SOURCE INFORMATION Start Marker
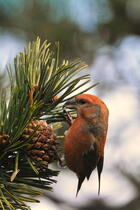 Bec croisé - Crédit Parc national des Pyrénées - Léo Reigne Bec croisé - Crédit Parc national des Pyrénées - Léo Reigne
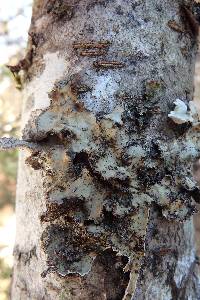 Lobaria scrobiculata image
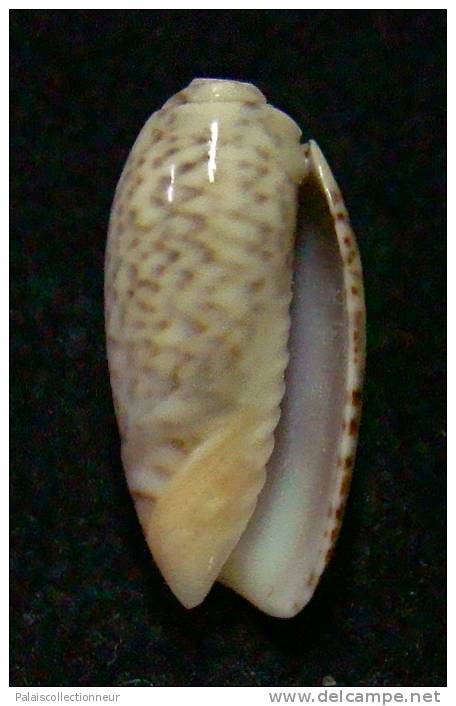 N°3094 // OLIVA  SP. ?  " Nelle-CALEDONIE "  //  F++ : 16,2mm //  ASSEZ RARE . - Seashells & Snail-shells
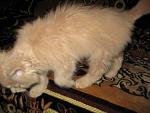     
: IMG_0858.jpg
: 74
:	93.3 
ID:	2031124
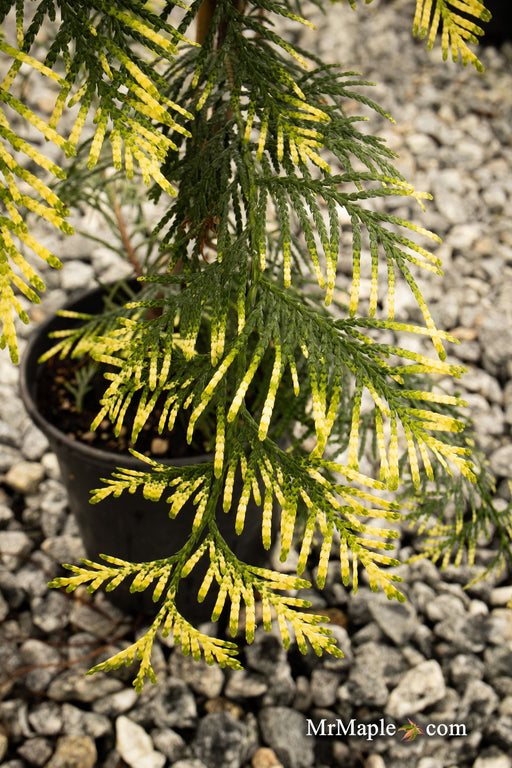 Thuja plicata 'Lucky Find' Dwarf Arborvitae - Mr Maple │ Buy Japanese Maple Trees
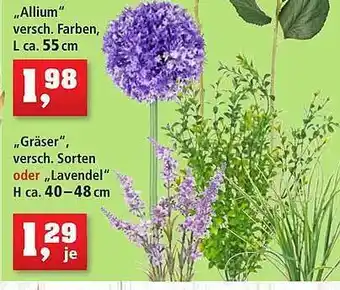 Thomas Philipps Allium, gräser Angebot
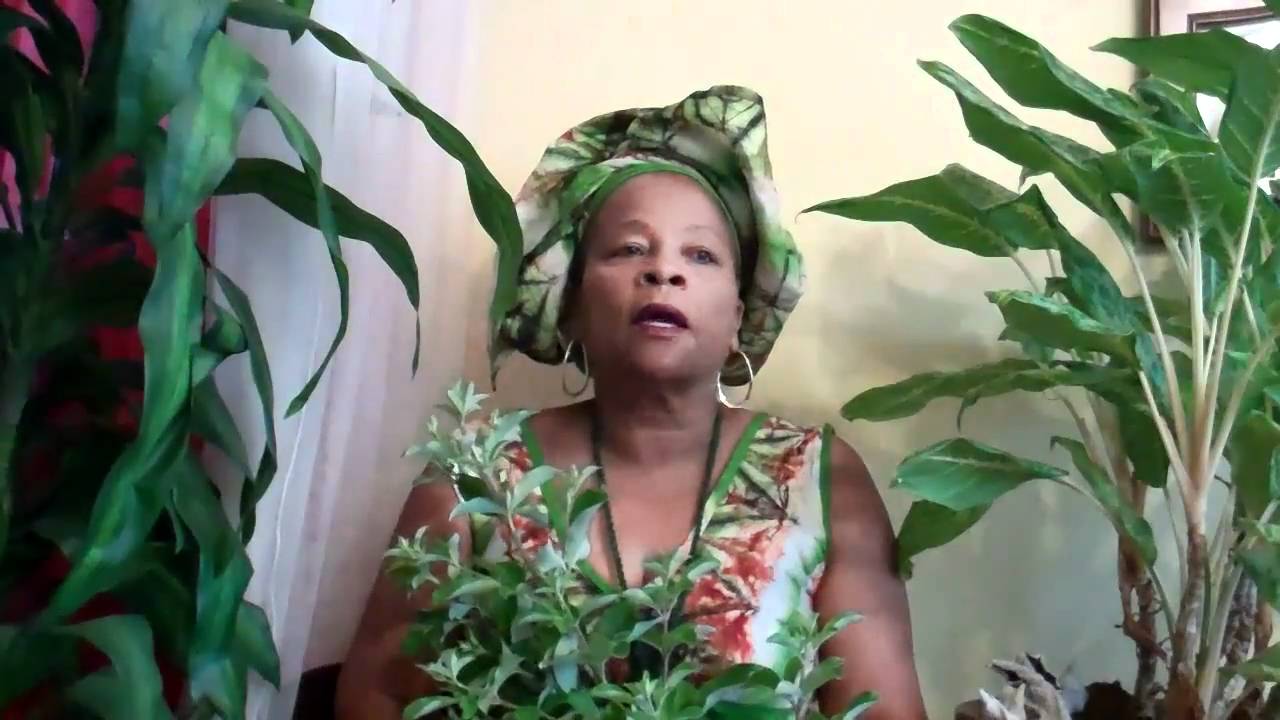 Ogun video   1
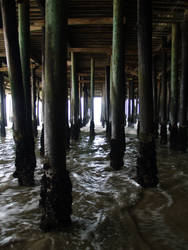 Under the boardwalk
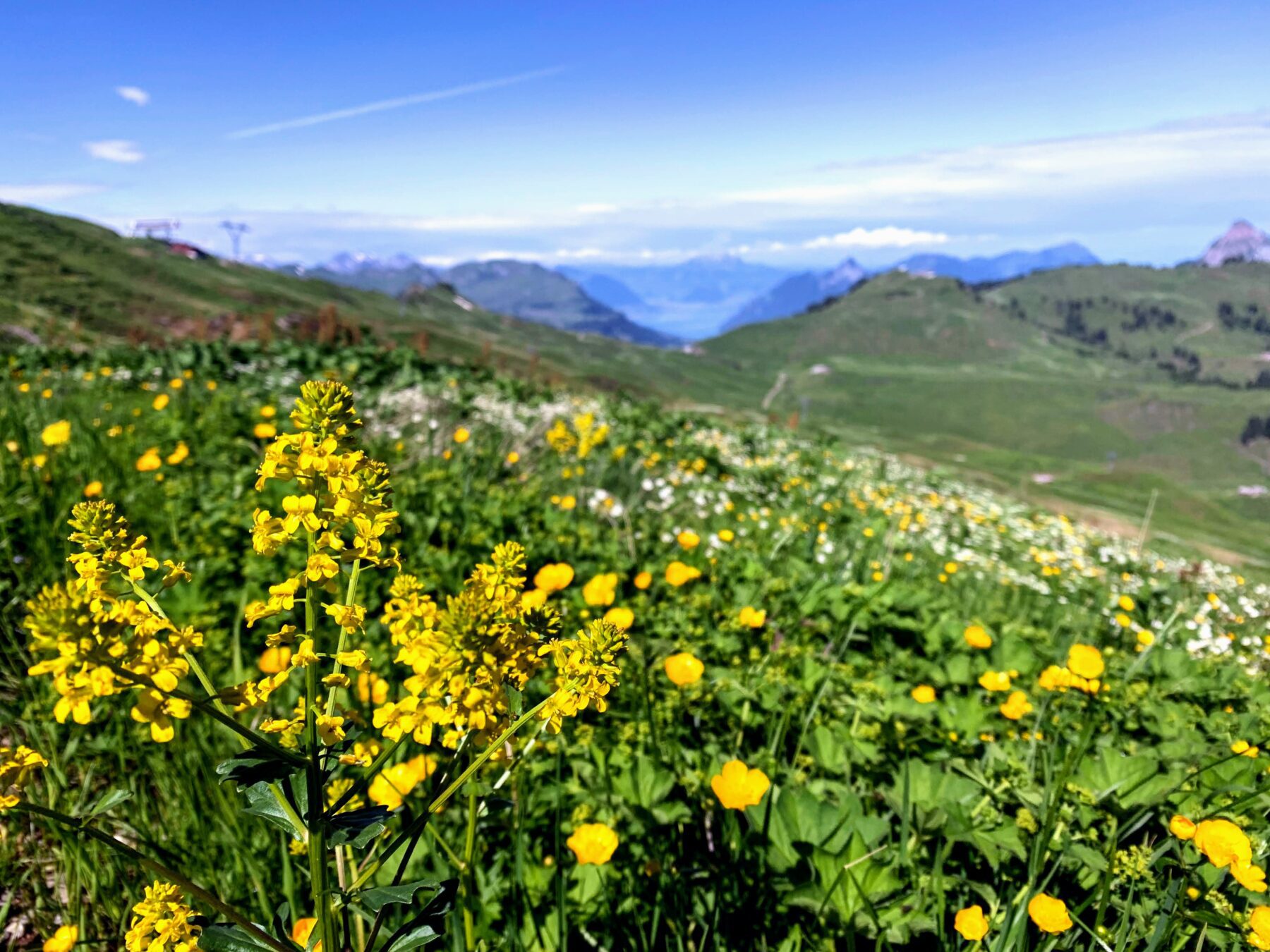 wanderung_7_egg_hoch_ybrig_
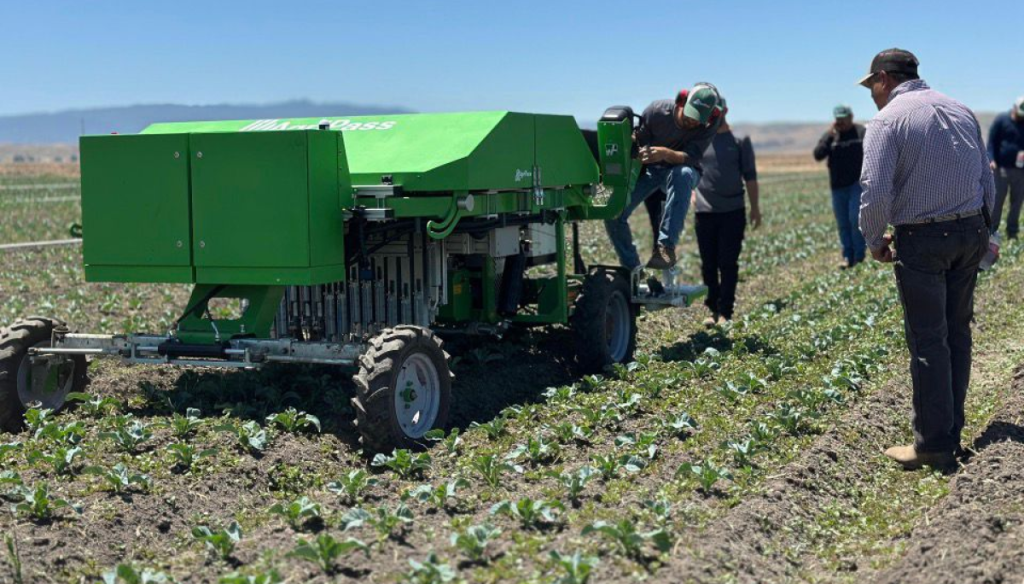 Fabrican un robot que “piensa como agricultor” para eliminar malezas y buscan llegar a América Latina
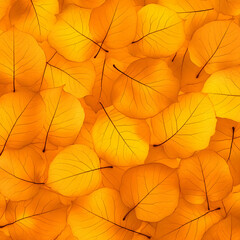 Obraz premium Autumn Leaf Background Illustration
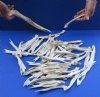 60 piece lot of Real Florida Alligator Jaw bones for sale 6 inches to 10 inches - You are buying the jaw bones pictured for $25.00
SOURCE INFORMATION End Marker
SOURCE INFORMATION Start Marker
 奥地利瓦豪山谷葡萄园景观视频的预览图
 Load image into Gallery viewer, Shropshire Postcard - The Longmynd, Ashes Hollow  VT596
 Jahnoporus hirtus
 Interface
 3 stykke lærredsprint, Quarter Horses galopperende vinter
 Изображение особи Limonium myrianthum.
SOURCE INFORMATION End Marker
YOUR TASK.
Nothing but the lines from the one with "Under the boardwalk" to the one with "60 piece lot" above, both included, should be transcribed, exactly and without pictures.

TASK RESPONSE.
 Under the boardwalk
 wanderung_7_egg_hoch_ybrig_
 Fabrican un robot que “piensa como agricultor” para eliminar malezas y buscan llegar a América Latina
 Obraz premium Autumn Leaf Background Illustration
 60 piece lot of Real Florida Alligator Jaw bones for sale 6 inches to 10 inches - You are buying the jaw bones pictured for $25.00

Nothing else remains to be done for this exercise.